TASK STATEMENT
Copy the lines below as they are; omit the images they contain.

+++ SUPPLIED RECORDS

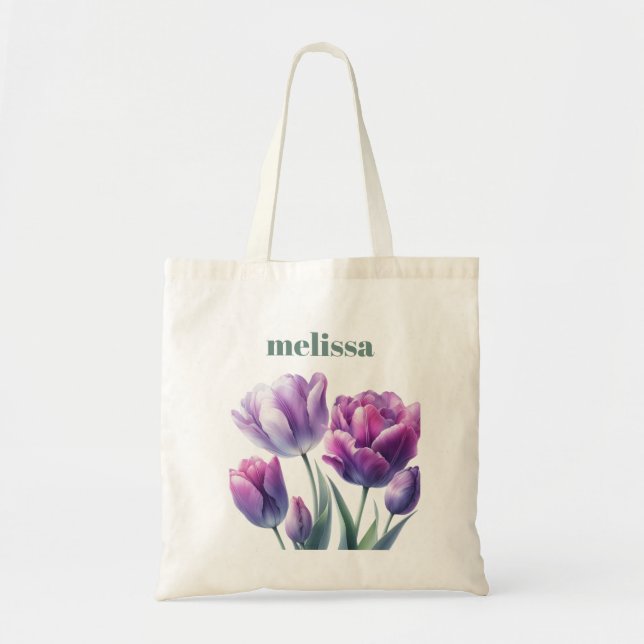 Personlig Elegant lila Monogram Tygkasse (Framsidan)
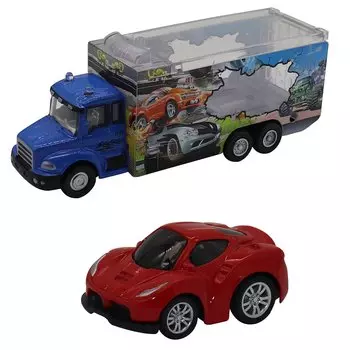Набор FUNKY TOYS FT61054 грузовик + машинка die-cast красная, спусковой механизм 1:60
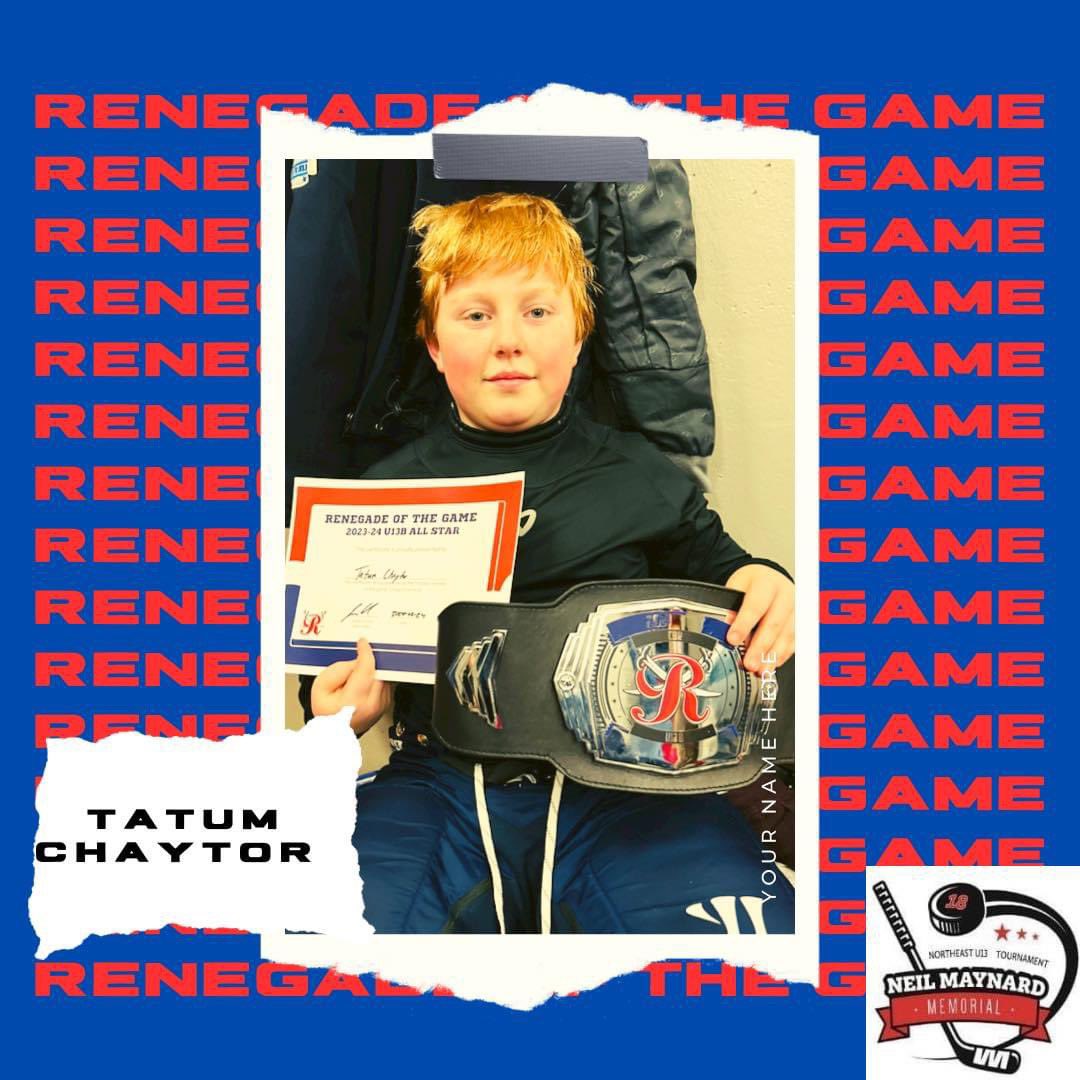 🔴 6-2 final score for NE in our second game of the Neil Maynard Memorial Tournament 🔵
Congratulations to our Player of the Game, Parker Legge 🤩; and Renegade of the Game, Tatum Chaytor 🤩.
Our next game is 12:30 pm vs Mount Pearl at Jack Byrne Arena. 🏒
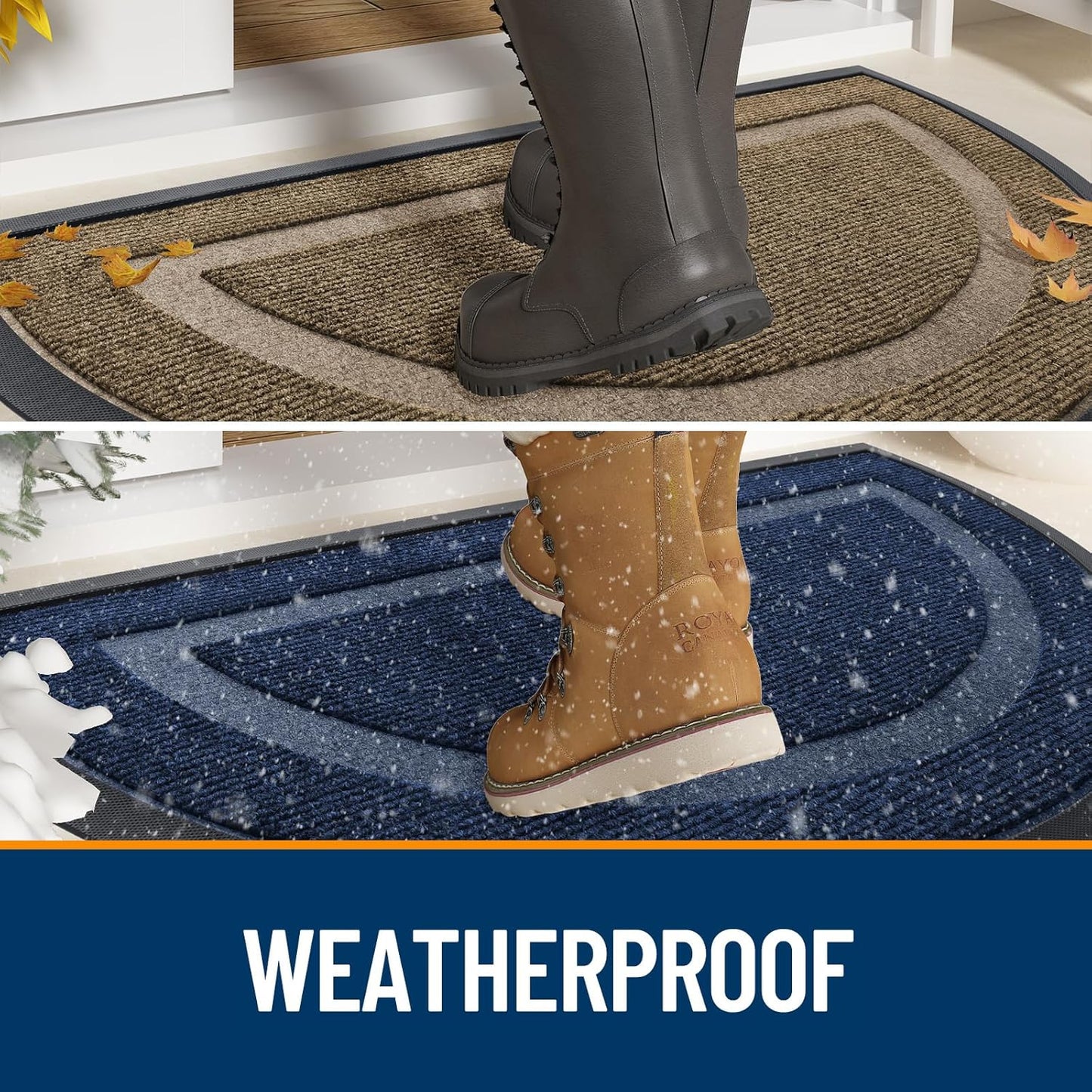 OLANLY Half Circle Door Mat - Waterproof All-Season Welcome Mat | Sturdy Natural Rubber, 29.5x17, Black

++++++

EXERCISE SOLUTION
 Personlig Elegant lila Monogram Tygkasse (Framsidan)
Набор FUNKY TOYS FT61054 грузовик + машинка die-cast красная, спусковой механизм 1:60
 🔴 6-2 final score for NE in our second game of the Neil Maynard Memorial Tournament 🔵
Congratulations to our Player of the Game, Parker Legge 🤩; and Renegade of the Game, Tatum Chaytor 🤩.
Our next game is 12:30 pm vs Mount Pearl at Jack Byrne Arena. 🏒
 OLANLY Half Circle Door Mat - Waterproof All-Season Welcome Mat | Sturdy Natural Rubber, 29.5x17, Black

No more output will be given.